### [Aim of the exercise]
Output only the lines below that start at the line containing "Naklejka premium Six" and end at the line containing "12 - Image 4", with both ends kept.
** Opening Data for the task block **
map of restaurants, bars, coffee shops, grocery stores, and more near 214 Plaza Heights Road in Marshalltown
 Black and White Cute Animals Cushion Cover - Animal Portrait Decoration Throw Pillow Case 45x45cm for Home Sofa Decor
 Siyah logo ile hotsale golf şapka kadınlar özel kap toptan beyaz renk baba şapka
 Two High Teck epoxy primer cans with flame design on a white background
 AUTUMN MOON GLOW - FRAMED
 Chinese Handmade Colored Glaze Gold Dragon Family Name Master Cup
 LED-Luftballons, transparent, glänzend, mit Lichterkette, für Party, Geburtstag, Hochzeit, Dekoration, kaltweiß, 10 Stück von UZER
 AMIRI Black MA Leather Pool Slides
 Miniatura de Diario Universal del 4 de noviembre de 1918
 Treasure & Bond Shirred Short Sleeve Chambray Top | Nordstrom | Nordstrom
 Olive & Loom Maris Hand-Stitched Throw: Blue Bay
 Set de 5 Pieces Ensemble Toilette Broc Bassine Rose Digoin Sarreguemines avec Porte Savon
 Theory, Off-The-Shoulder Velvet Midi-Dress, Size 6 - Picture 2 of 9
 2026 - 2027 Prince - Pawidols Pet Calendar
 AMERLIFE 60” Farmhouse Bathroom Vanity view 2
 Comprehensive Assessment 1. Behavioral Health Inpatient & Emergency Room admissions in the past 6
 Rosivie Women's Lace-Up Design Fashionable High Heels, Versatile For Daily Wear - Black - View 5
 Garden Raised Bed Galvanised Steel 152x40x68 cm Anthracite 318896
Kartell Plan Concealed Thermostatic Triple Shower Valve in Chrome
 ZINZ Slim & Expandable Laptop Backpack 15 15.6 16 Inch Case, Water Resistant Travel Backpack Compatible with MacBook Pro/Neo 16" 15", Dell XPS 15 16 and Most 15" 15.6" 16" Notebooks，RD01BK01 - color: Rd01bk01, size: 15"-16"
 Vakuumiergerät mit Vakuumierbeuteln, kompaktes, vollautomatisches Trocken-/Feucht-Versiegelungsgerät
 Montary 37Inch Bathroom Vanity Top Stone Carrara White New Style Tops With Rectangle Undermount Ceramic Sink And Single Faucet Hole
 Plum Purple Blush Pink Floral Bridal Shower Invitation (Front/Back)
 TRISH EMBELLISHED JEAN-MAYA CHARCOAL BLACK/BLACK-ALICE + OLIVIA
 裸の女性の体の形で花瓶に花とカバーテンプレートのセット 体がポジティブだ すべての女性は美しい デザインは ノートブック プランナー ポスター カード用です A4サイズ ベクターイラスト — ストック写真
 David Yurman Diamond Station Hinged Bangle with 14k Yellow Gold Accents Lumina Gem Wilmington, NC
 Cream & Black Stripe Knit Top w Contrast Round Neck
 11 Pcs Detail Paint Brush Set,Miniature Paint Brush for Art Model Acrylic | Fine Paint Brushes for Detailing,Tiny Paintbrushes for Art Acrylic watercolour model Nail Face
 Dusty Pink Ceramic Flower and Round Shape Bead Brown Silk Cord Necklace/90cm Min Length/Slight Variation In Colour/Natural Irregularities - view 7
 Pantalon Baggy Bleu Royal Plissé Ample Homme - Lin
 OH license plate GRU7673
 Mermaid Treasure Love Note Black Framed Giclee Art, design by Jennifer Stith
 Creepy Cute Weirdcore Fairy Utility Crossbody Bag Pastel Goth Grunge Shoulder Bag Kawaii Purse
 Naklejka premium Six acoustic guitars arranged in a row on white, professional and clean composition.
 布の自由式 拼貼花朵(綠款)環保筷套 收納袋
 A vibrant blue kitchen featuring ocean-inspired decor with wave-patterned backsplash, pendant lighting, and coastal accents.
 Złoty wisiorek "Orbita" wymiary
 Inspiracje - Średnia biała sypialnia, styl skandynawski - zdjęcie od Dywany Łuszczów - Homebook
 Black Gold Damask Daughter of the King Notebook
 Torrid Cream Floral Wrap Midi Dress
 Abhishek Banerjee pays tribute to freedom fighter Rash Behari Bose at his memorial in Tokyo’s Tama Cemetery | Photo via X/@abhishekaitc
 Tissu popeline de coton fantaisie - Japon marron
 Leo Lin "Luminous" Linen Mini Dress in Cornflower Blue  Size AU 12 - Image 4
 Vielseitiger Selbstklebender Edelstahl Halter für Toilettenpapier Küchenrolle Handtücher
** Closing Data for the task block **
### [Response to the exercise]
 Naklejka premium Six acoustic guitars arranged in a row on white, professional and clean composition.
 布の自由式 拼貼花朵(綠款)環保筷套 收納袋
 A vibrant blue kitchen featuring ocean-inspired decor with wave-patterned backsplash, pendant lighting, and coastal accents.
 Złoty wisiorek "Orbita" wymiary
 Inspiracje - Średnia biała sypialnia, styl skandynawski - zdjęcie od Dywany Łuszczów - Homebook
 Black Gold Damask Daughter of the King Notebook
 Torrid Cream Floral Wrap Midi Dress
 Abhishek Banerjee pays tribute to freedom fighter Rash Behari Bose at his memorial in Tokyo’s Tama Cemetery | Photo via X/@abhishekaitc
 Tissu popeline de coton fantaisie - Japon marron
 Leo Lin "Luminous" Linen Mini Dress in Cornflower Blue  Size AU 12 - Image 4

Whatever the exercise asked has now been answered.